Infine, Macaluso è stato tutt’altro che estraneo all’apertura del confronto – nella sinistra italiana – per la costruzione di un partito che fosse, esso stesso, di centrosinistra, secondo l’accezione che proprio in quegli anni cominciavano a darne gran parte dei partiti socialdemocratici europei.
Nella riunione che segna l’esaurirsi dell’esperienza dell’Area riformista, Macaluso ne individua con lucidità un limite: non essersi “misurata con più incisività con forze e culture che, in Italia e in Europa, costituiscono o possono costituire un arricchimento della tradizione socialista”.

E insiste: “È mancata una riflessione più generale su cosa possa essere il riformismo nell’epoca attuale, con classi sociali del tutto diverse da quelle in cui si formò una cultura riformista socialista in Italia e in Europa”. Per concludere, come si direbbe ora, col botto: “C’è (nel Segretario D’Alema) una giusta preoccupazione politica di allacciare un rapporto col centro, ma non c’è una iniziativa per fare del PDS un partito che abbia, in sé medesimo, parte di questo centro-sinistra. Temo cioè, che il quadro delle alleanze venga visto in un’ottica tradizionale: una sinistra legittimata a governare grazie ad un accordo con il centro”.

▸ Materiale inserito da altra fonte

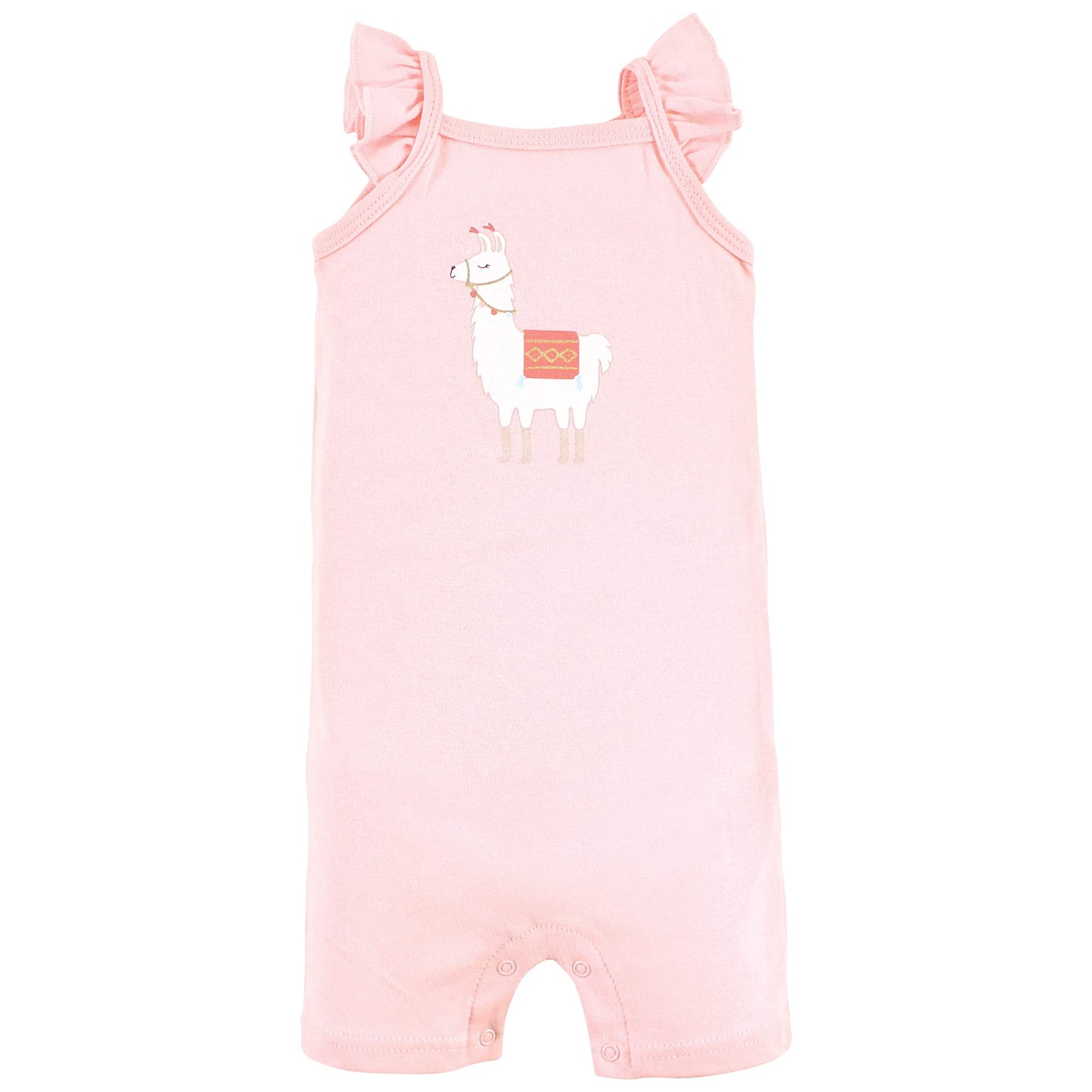 Hudson Baby Unisex Baby Cotton Rompers, Llama, 3-6 Months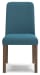 Lyncott - Blue / Brown - Dining Uph Side Chair (Set of 2)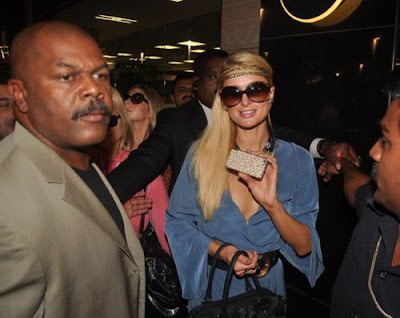 Paris Hilton - Paris Hilton arrives in India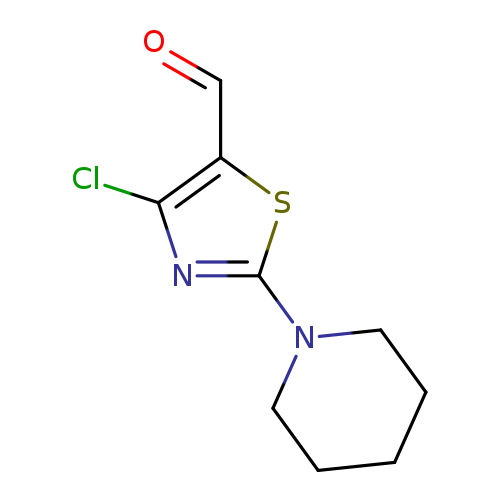 5-Thiazolecarboxaldehyde, 4-chloro-2-(1-piperidinyl)-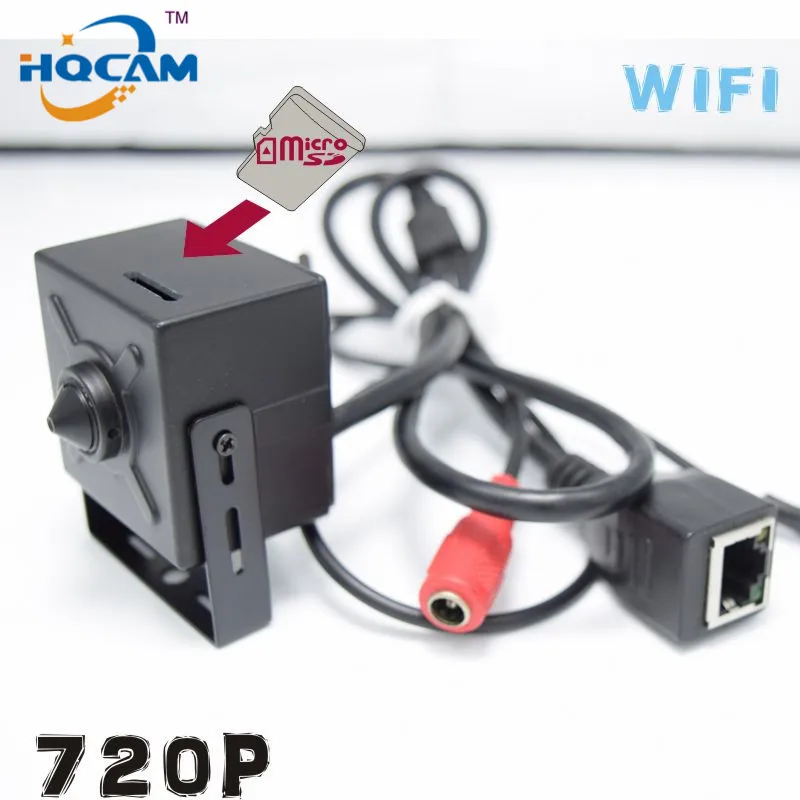 HQCAM 720P Мини IP камера беспроводная Wifi для помещений Onvif Поддержка TF SD карта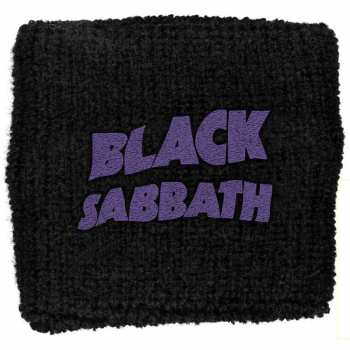 Merch Black Sabbath: Izzadságtörlő Purple Wavy Logo Black Sabbath 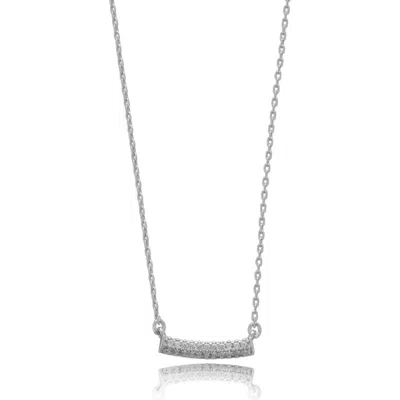 Ettika Cubic Zirconia Bar Pendant Necklace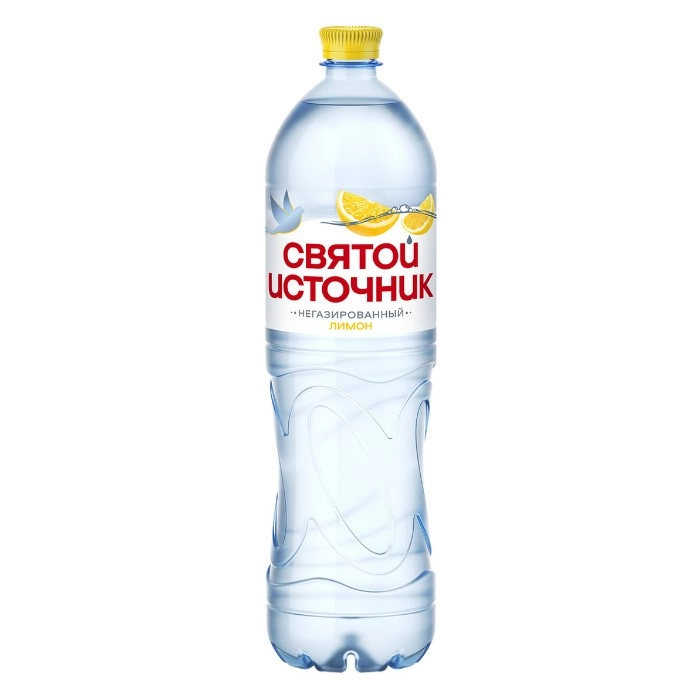 Вода Святой Источник лимон питьевая негазированная 1.5 л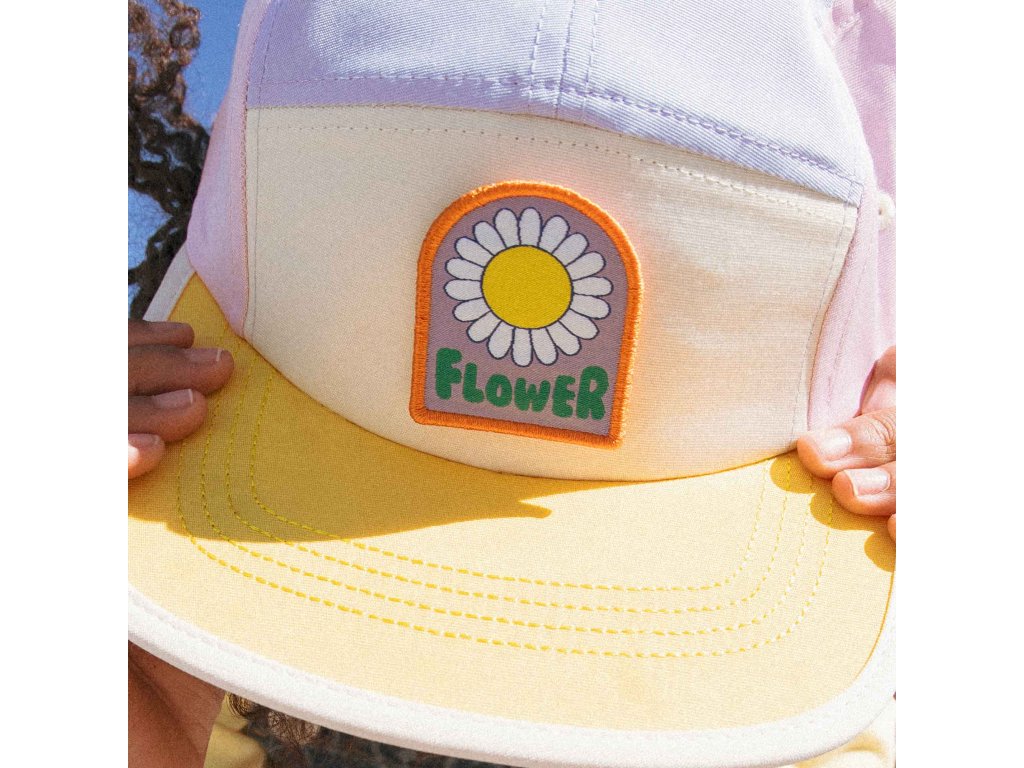 KiETLA nášivky na suchý zips Flower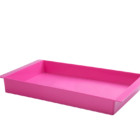 Bandeja Pequena Cake  30 X 20 X 4 Cm Rosa Coza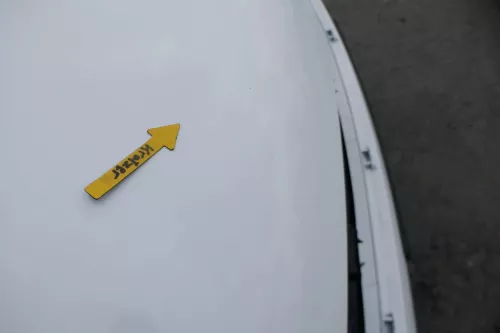 VW Lupo Motorhaube KLappe vorne weiß LB9A (164397)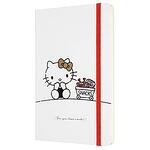 Голям бял тефтер Moleskine - Limited Edition Hello Kitty с нелинирани страници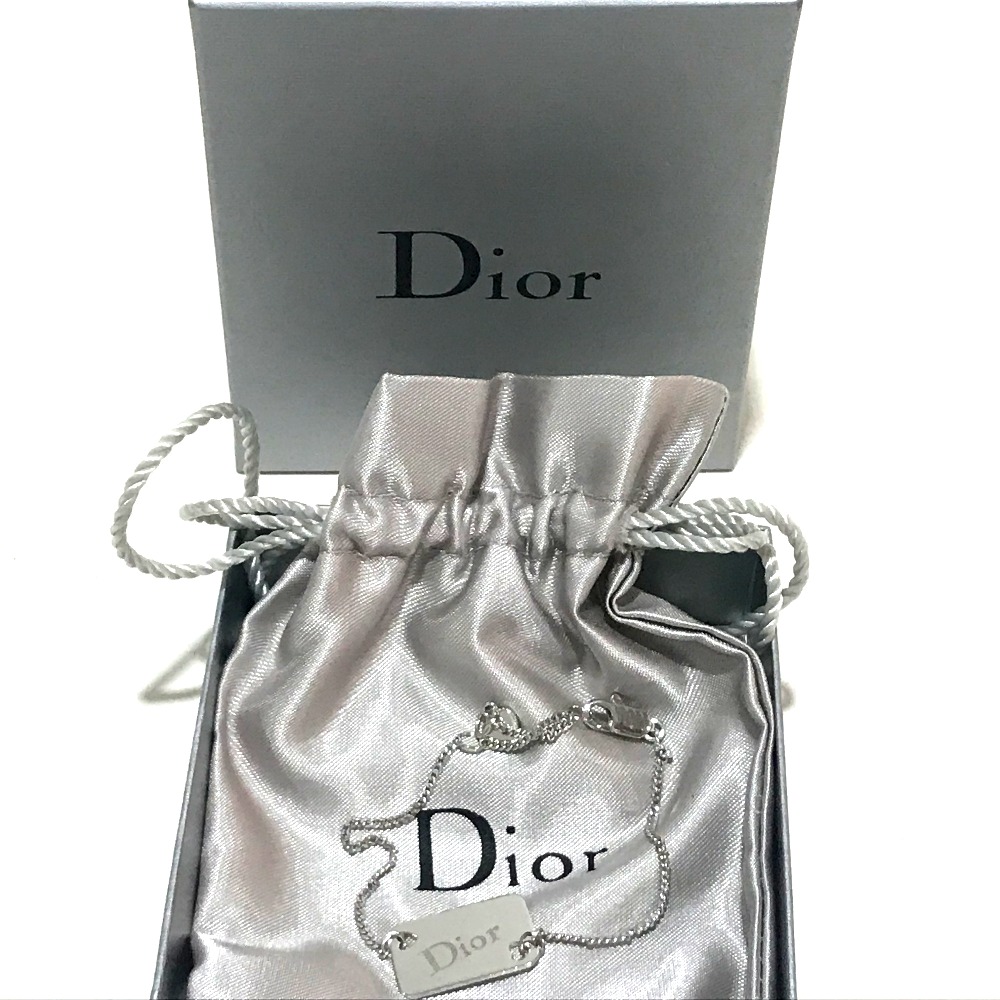 christian dior christian dior配饰标志牌心形手链电镀银色女装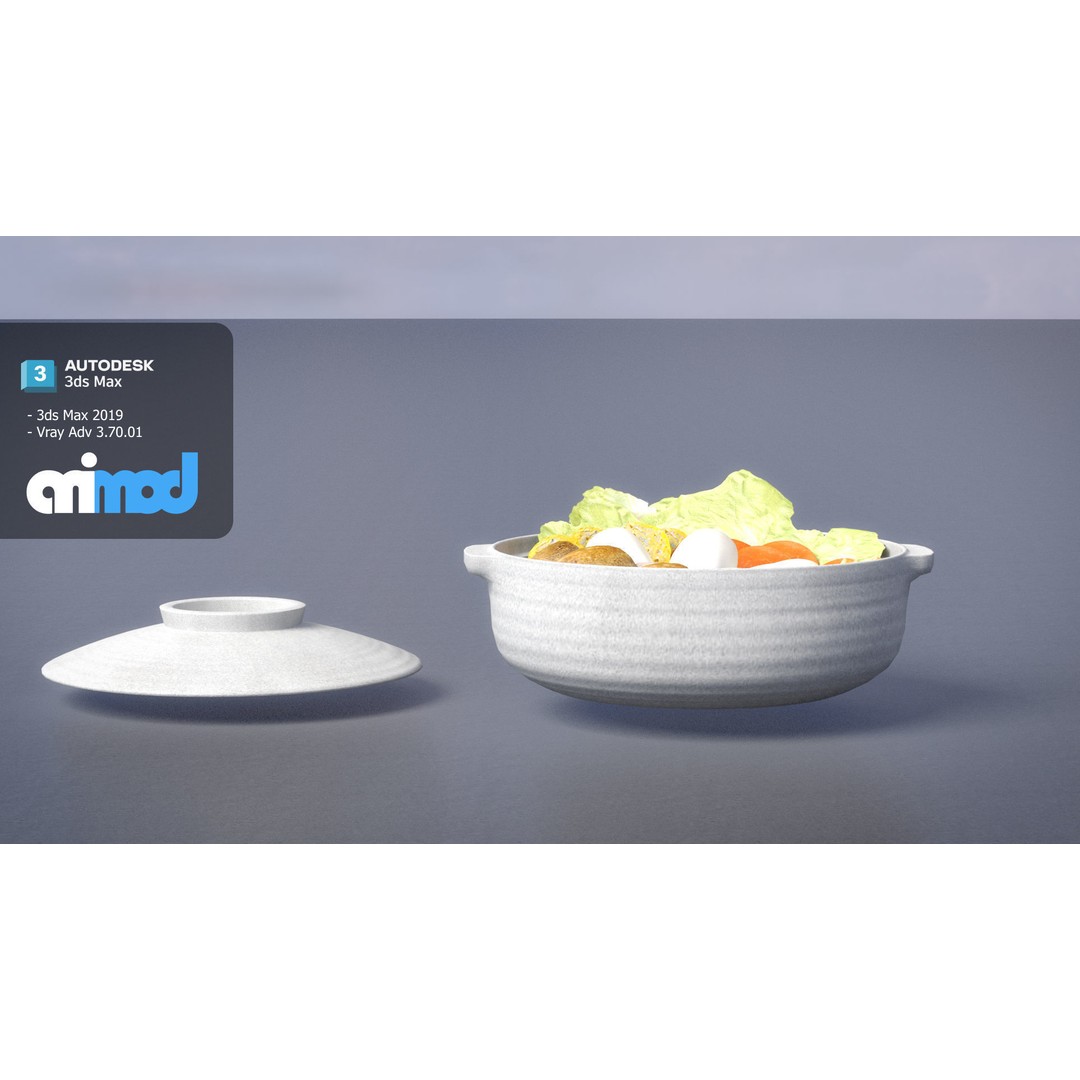 Nagasaki Hot Pot 3D Model – High Quality Food Asset, FBX, PBR Textures - View 5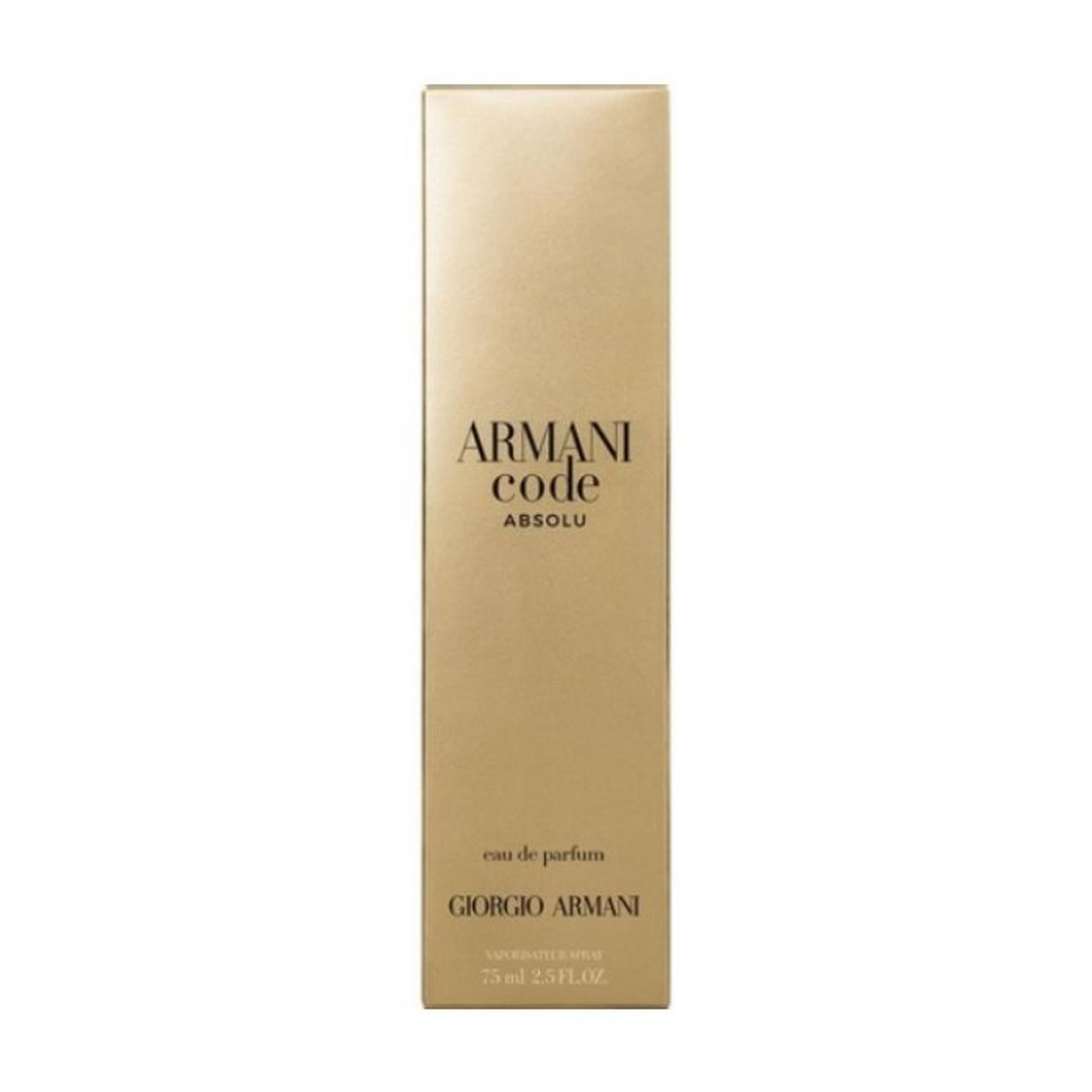 Armani Code Absolu by Giorgio Armani for Women Eau de Parfum 75ML.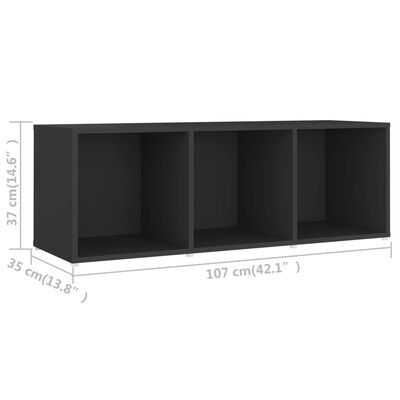 vidaXL Tv-meubelen 4 st 107x35x37 cm spaanplaat grijs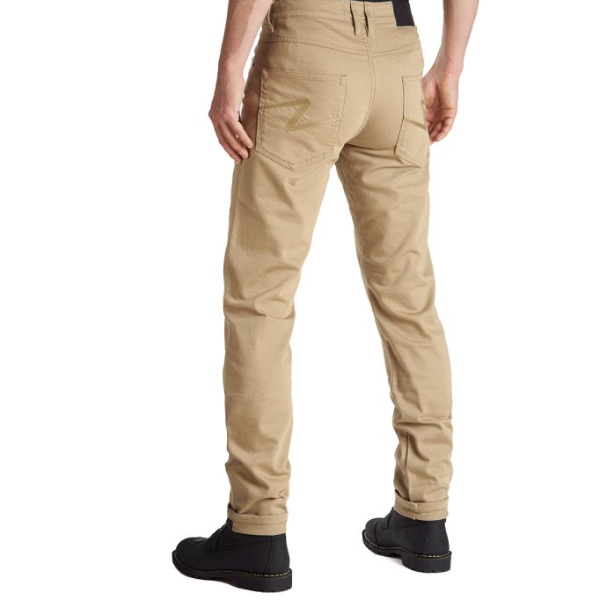 Pando Moto Jeans - Robby SLIM, L30 - Beige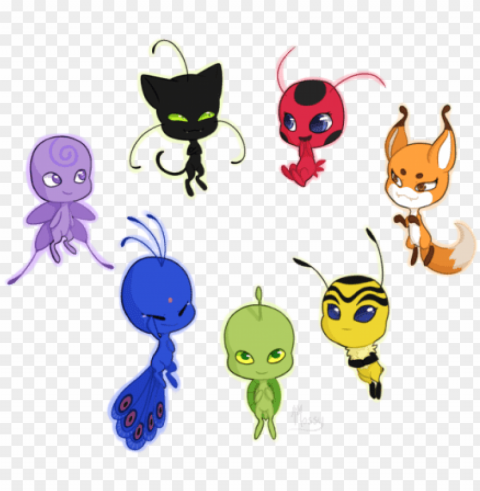 almost rainbow colours plagg ruined it - miraculous ladybug kwami plagg PNG images free download transparent background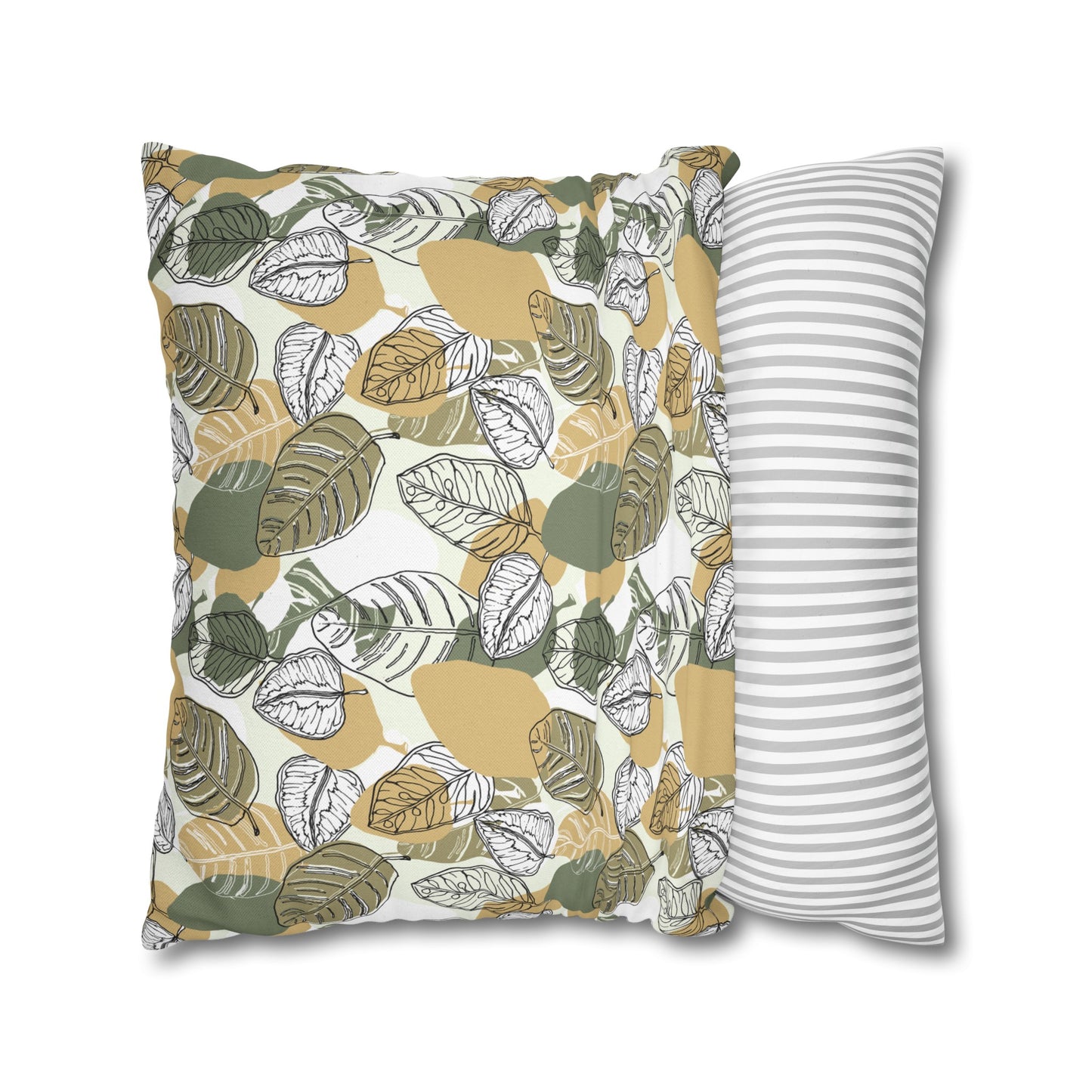 Spun Polyester Square Pillowcase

Questo tema non sarà mai il fulcro dell’iniziativa dell’Area riformista, che con Macaluso era tuttavia arrivata ad enunciarlo con impressionante anticipo sui tempi di evoluzione della sinistra italiana. Macaluso, nella riunione più volte citata in questo articolo, descriverà il compito che stava di fronte alle forze di centrosinistra con le parole usate da Umberto Ranieri alla riunione di fondazione (ottobre 1993) del Centro di Iniziativa del Socialismo Democratico e Liberale (CISDEL), cui l’Area riformista aveva concorso, insieme a personalità come Giorgio Ruffolo, Salvatore Veca e Massimo Salvadori:

Superamento di un triplice mito che ha condizionato la storia politica italiana del dopoguerra: 1) unità politica dei cattolici…; 2) unità politica delle forze laiche, espressa nella estenuante ricerca della ‘terza forza’; 3) unità della sinistra”.

Sono stati moltissimi, in questi giorni tristi per la scomparsa di Emanuele, a ricordare che non condivise la scelta di far nascere il PD e non volle mai iscriversi al nuovo partito. Verissimo. Ho scritto queste righe non per farlo diventare il padre di un partito che non ha mai apprezzato, ma per dimostrare quanto sia stata importante, per noi che quel partito l’abbiamo invece progettato e voluto, la spinta ad innovare di un dirigente politico realista e visionario come Macaluso. Se mi potesse vedere, mi fulminerebbe con lo sguardo e con le parole: “Non vi ho certo detto io di farlo così male, questo partito”. E ricominceremmo a discutere animatamente. Non puoi sapere quanto lo vorrei, Emanuele.